### Aim of the exercise
Extract the lines up to and including the one that contains "Wooden Chairs with Carved Details", starting with the first line of the entries below, and omit the pictures.

(Entries taken from a collection)
··········
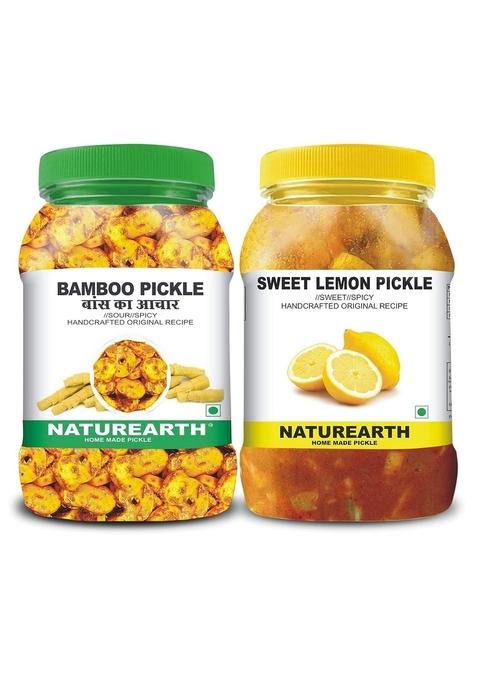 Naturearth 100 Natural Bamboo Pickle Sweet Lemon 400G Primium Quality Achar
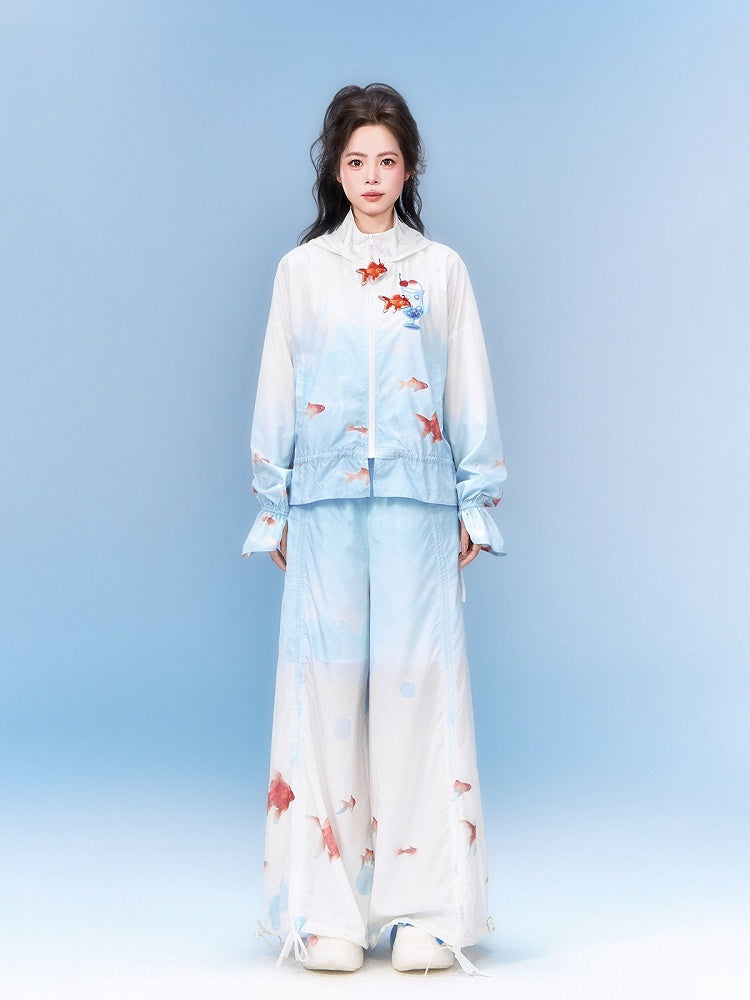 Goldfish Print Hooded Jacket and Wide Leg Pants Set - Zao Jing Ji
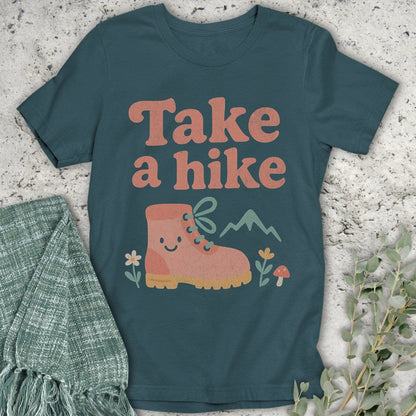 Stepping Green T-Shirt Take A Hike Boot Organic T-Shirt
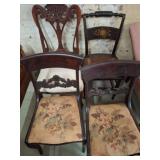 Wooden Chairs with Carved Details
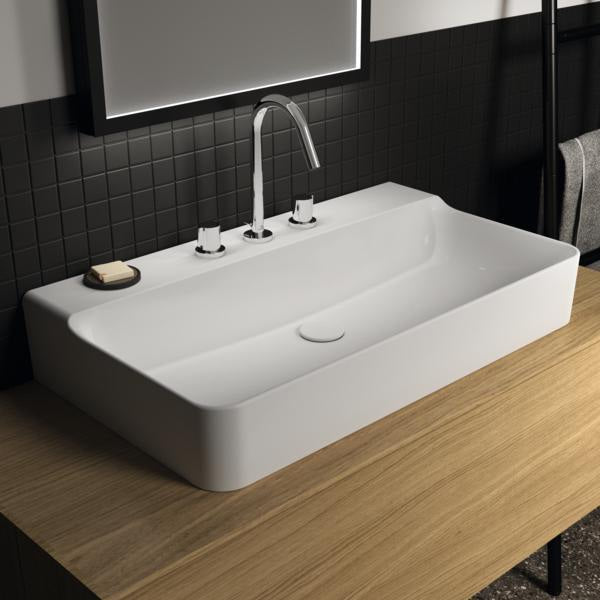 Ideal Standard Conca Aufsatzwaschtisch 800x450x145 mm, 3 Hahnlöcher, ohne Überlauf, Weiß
··········
### Finished exercise
 Naturearth 100 Natural Bamboo Pickle Sweet Lemon 400G Primium Quality Achar
 Goldfish Print Hooded Jacket and Wide Leg Pants Set - Zao Jing Ji
 Stepping Green T-Shirt Take A Hike Boot Organic T-Shirt
 Wooden Chairs with Carved Details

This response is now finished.